> _WHAT YOU SHOULD DO_
Would you reproduce the data below exactly, please, leaving out its images?
*** DATA ***
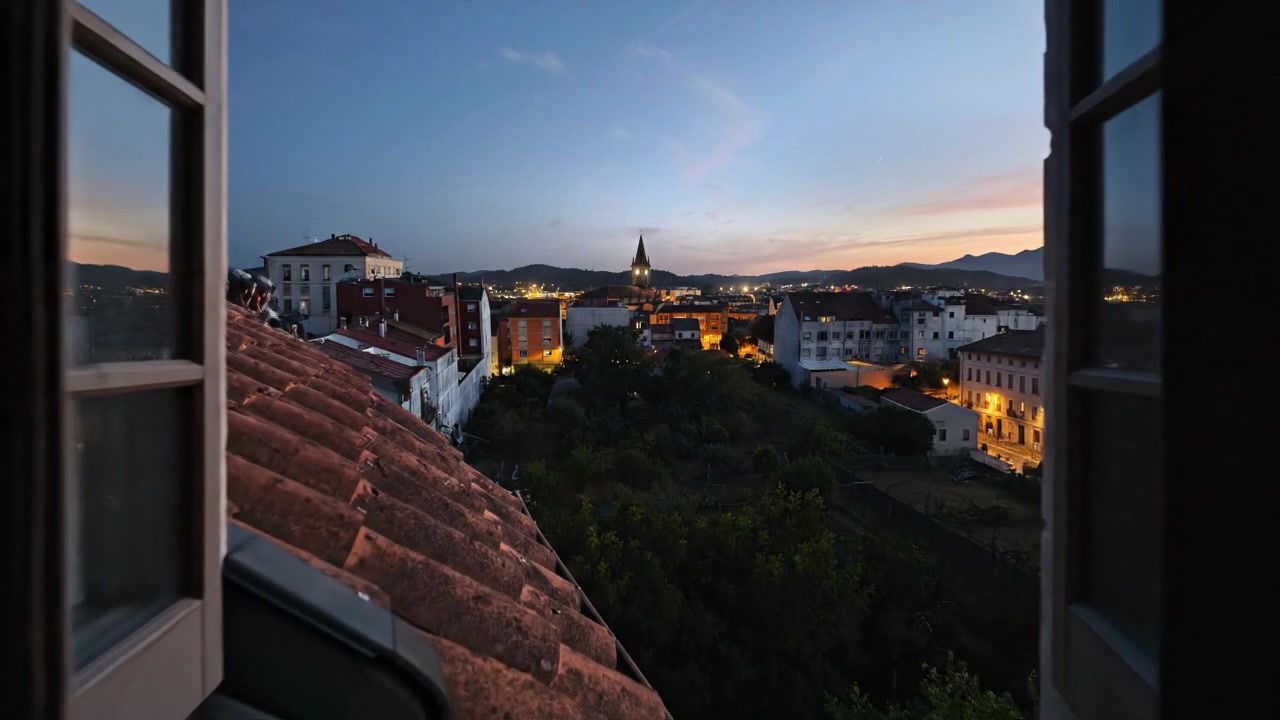 Aquí 3 fotos de un pueblo sacadas desde la ventana de un edificio.
Vamos a crear un película  donde se vea unas criaturas rondar por los diferentes lugares atacando sitios. Quiero que esas criaturas que se vean sean con un aspecto concreto. Tienen que tener 4 grandes piernas y brazos. Tanto piernas como brazos tienen que terminar en 4 grandes garras. Con estas piernas y brazos pueden saltar correr escalar rápido y sin dificultad. Su cabeza es similar a la de un lobo pero con una gran boca llena de dientes que puede abrir como si tuviese una mandíbula de 4 partes abriéndose como una flor. El plano será un chico que se asoma desde su habitación y ve está estampa de su pueblo con las criaturas, fuego en algunos edificios gritos de gente que parece aterrada escapando....necesitas preguntarme algo?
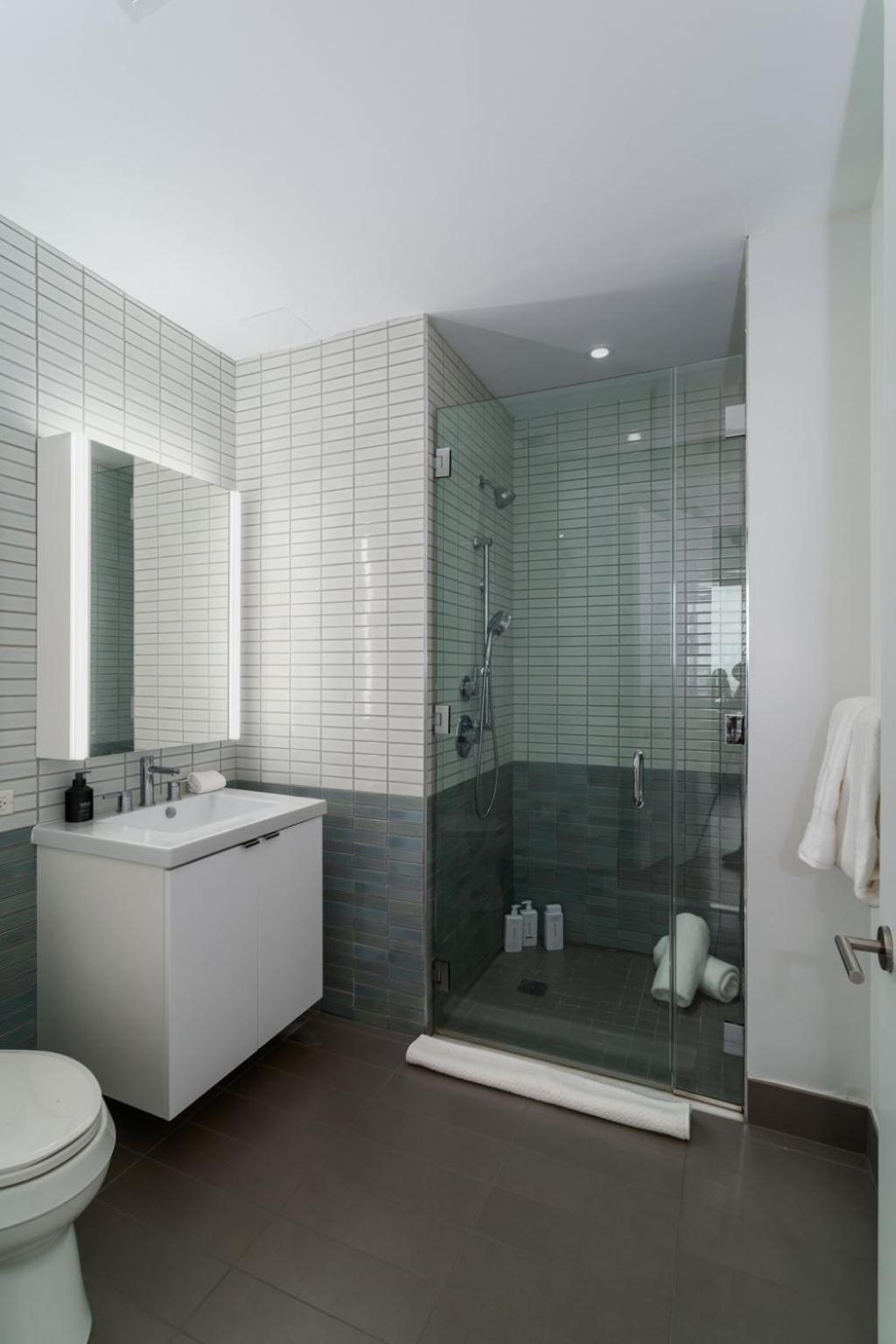 Elegant 2bed 2bath Just Minutes From Park & Broadway *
*** End of DATA ***
> _EXERCISE ANSWER_
 Aquí 3 fotos de un pueblo sacadas desde la ventana de un edificio.
Vamos a crear un película  donde se vea unas criaturas rondar por los diferentes lugares atacando sitios. Quiero que esas criaturas que se vean sean con un aspecto concreto. Tienen que tener 4 grandes piernas y brazos. Tanto piernas como brazos tienen que terminar en 4 grandes garras. Con estas piernas y brazos pueden saltar correr escalar rápido y sin dificultad. Su cabeza es similar a la de un lobo pero con una gran boca llena de dientes que puede abrir como si tuviese una mandíbula de 4 partes abriéndose como una flor. El plano será un chico que se asoma desde su habitación y ve está estampa de su pueblo con las criaturas, fuego en algunos edificios gritos de gente que parece aterrada escapando....necesitas preguntarme algo?
 Elegant 2bed 2bath Just Minutes From Park & Broadway *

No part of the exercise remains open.